EXERCISE DIRECTIONS:
Show every line below where "Bonnet" appears.

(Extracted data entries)
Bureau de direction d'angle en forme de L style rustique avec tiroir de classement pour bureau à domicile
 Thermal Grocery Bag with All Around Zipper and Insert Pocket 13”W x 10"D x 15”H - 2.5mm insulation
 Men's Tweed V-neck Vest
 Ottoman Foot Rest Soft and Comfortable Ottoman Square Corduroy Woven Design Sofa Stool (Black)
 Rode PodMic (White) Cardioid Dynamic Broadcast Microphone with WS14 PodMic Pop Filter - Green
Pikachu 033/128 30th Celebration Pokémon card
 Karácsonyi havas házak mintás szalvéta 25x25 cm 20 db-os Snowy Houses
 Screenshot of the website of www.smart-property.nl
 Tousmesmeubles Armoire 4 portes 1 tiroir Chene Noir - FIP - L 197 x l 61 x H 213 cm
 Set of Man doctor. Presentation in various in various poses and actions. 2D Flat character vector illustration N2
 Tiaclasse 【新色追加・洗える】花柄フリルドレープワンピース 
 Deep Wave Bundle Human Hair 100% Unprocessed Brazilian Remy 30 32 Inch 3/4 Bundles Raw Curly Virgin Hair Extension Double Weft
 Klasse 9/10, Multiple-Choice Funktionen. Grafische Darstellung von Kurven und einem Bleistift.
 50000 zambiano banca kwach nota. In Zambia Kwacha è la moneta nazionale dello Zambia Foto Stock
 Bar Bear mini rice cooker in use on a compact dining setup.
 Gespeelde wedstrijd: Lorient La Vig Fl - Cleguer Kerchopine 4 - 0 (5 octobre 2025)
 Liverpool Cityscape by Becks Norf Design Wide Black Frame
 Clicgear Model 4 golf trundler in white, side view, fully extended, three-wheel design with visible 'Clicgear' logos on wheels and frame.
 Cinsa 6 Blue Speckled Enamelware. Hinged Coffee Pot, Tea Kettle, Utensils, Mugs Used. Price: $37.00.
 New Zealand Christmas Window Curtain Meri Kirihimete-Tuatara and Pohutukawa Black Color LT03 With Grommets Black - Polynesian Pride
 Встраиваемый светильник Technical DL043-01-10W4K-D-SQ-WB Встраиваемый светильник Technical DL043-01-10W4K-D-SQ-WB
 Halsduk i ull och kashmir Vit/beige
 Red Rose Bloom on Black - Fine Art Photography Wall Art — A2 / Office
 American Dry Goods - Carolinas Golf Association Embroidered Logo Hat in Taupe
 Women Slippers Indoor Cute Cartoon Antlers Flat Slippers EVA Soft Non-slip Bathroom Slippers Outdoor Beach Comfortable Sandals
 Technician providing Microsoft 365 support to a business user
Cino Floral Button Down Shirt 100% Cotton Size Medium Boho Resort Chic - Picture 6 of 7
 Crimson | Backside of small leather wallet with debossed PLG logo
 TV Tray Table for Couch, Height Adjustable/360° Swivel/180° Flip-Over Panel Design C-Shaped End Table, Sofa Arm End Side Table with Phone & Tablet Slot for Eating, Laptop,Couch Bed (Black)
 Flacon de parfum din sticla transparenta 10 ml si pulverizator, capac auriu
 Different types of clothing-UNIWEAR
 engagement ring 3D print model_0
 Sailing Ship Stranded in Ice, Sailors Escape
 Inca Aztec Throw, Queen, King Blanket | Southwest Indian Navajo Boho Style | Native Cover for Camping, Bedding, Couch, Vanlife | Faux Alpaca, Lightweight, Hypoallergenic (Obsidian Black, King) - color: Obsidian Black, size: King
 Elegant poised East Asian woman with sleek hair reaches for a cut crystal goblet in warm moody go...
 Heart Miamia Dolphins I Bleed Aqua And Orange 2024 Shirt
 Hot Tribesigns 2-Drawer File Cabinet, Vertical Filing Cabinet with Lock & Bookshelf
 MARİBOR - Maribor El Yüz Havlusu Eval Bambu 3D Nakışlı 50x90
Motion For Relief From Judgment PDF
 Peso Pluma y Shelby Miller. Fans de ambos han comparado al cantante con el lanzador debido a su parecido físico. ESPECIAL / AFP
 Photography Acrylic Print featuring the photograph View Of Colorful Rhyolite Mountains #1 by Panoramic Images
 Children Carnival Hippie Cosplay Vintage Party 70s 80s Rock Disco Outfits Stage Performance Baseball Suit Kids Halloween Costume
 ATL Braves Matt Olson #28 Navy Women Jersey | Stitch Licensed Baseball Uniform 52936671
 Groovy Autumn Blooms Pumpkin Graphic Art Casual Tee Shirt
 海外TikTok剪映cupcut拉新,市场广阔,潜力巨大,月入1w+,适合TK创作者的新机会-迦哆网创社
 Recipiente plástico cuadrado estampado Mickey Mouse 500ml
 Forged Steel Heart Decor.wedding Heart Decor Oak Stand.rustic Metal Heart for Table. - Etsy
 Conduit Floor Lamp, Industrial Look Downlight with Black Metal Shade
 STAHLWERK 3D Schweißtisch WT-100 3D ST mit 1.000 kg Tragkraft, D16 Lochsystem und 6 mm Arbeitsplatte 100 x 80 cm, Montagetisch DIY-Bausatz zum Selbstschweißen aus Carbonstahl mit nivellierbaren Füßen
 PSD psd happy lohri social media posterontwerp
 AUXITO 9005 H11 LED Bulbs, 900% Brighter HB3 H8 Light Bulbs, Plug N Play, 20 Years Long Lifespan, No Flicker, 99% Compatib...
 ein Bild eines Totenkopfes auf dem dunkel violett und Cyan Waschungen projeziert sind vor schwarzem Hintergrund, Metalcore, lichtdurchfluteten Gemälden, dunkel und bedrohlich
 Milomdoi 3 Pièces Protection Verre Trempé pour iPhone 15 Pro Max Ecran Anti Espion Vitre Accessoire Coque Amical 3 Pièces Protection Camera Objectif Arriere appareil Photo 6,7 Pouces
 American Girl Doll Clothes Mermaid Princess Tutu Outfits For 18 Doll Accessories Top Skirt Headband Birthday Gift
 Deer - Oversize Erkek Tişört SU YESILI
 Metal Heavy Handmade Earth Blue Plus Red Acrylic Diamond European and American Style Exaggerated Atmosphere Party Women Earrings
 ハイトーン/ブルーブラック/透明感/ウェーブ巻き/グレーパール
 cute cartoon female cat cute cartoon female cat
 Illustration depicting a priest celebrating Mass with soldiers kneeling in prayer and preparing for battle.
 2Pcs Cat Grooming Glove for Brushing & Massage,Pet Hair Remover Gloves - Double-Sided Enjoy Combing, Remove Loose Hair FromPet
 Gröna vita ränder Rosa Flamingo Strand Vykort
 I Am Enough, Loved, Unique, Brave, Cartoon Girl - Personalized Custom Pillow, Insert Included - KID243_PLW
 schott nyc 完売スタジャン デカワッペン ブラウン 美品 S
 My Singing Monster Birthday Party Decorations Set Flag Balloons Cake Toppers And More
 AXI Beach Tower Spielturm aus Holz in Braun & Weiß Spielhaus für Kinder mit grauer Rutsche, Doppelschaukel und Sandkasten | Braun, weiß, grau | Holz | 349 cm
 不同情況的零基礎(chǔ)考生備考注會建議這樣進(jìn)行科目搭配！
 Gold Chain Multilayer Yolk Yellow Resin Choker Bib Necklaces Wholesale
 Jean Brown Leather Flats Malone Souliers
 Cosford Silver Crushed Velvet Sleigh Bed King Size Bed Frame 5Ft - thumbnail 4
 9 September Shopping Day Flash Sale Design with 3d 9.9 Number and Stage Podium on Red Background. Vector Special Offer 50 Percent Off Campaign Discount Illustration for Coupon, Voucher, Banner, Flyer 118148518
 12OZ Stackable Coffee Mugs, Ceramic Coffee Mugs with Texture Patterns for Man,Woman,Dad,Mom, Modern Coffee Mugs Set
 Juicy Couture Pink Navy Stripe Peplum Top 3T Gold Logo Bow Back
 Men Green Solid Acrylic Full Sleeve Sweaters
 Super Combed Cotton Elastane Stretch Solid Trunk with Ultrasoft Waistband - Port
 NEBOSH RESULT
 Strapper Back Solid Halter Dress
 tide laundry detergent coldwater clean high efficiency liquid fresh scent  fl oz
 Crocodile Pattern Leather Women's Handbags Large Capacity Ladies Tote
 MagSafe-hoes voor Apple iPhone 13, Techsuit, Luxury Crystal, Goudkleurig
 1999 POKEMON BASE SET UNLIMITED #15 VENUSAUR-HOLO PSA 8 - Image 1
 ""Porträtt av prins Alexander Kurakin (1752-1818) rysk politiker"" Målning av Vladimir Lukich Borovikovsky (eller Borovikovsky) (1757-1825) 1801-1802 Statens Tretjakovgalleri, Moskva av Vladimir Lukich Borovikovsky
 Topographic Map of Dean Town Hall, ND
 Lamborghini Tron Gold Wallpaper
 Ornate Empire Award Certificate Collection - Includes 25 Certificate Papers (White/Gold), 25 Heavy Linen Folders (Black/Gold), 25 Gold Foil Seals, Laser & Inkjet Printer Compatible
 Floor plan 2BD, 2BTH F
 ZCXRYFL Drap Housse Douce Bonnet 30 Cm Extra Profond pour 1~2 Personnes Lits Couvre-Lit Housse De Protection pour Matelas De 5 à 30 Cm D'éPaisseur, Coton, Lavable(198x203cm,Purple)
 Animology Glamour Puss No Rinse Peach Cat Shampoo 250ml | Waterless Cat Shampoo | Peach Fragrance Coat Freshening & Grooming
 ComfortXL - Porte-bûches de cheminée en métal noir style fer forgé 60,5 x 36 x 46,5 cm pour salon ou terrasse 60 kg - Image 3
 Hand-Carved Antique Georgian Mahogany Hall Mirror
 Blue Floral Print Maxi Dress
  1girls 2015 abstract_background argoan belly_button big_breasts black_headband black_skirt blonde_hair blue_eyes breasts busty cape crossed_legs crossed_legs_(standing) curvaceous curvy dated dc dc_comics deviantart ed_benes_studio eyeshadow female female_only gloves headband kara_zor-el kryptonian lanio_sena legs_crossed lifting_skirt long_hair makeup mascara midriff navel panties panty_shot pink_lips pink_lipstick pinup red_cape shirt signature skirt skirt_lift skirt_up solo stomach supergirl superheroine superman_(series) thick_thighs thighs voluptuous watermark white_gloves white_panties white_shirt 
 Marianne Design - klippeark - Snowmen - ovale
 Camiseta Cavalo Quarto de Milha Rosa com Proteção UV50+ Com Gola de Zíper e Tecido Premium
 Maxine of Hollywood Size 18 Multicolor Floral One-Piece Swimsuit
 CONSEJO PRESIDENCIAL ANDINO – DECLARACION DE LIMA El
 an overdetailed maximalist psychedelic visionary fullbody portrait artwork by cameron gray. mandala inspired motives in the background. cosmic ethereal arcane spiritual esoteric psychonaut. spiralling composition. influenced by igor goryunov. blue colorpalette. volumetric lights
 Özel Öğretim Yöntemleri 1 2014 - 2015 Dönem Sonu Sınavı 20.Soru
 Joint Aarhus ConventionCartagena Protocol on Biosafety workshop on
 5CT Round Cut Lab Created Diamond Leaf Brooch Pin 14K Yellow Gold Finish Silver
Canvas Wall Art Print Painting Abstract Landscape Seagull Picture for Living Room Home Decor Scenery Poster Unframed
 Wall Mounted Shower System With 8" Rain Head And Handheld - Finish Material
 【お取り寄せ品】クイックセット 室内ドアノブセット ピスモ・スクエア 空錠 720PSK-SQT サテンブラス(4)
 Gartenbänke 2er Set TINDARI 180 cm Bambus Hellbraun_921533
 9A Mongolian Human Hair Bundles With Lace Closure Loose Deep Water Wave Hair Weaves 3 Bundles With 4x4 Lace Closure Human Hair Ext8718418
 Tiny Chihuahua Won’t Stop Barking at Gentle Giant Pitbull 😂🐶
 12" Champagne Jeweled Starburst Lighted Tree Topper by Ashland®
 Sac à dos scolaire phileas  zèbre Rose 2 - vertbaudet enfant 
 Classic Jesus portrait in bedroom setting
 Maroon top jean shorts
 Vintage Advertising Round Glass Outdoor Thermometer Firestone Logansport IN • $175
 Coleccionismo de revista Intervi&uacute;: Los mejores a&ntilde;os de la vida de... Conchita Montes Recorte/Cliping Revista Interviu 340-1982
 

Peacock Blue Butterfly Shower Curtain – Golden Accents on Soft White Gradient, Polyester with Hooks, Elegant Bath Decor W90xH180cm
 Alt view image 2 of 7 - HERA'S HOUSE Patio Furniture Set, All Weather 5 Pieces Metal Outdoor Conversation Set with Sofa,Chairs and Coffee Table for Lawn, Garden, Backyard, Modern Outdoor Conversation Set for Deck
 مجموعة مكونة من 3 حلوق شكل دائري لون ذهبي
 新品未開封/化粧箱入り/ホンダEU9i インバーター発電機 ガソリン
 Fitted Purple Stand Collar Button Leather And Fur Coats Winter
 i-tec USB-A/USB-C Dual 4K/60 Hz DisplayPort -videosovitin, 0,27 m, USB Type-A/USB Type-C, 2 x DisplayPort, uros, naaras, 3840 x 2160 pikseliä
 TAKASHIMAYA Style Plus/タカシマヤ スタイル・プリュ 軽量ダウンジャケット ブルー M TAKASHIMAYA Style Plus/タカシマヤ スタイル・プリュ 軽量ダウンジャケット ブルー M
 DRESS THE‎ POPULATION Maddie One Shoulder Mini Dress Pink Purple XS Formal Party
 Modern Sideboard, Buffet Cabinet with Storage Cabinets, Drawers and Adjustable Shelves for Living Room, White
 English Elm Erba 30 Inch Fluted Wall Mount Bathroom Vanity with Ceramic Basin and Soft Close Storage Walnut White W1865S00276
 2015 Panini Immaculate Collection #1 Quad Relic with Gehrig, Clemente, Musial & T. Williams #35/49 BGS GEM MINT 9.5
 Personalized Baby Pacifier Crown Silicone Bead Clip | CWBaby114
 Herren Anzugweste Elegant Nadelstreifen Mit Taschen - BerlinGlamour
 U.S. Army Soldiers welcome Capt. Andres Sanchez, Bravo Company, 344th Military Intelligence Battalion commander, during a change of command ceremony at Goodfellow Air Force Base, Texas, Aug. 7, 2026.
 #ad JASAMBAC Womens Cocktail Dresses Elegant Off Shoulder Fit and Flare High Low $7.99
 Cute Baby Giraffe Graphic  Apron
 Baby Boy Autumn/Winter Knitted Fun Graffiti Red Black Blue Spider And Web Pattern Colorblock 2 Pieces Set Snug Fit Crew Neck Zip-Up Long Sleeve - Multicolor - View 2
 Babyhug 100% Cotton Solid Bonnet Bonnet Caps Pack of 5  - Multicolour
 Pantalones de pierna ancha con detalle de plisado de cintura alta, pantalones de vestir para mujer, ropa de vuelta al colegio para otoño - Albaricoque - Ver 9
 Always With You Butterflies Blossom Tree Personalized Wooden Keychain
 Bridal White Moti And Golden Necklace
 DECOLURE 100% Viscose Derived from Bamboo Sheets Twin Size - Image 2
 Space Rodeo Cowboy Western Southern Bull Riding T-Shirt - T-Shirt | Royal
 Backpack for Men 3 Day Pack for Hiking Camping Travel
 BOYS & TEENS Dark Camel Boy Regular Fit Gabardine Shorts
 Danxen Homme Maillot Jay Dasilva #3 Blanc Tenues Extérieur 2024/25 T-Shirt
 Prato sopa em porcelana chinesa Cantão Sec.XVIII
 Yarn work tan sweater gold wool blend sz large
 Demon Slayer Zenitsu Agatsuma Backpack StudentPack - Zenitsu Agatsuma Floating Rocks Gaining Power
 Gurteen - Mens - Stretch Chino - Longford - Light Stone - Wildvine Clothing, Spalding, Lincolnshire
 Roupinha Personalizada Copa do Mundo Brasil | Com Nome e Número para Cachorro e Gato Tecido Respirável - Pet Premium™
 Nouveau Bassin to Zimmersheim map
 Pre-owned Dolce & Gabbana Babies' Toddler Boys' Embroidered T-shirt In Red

TASK RESPONSE:
 ZCXRYFL Drap Housse Douce Bonnet 30 Cm Extra Profond pour 1~2 Personnes Lits Couvre-Lit Housse De Protection pour Matelas De 5 à 30 Cm D'éPaisseur, Coton, Lavable(198x203cm,Purple)
 Babyhug 100% Cotton Solid Bonnet Bonnet Caps Pack of 5  - Multicolour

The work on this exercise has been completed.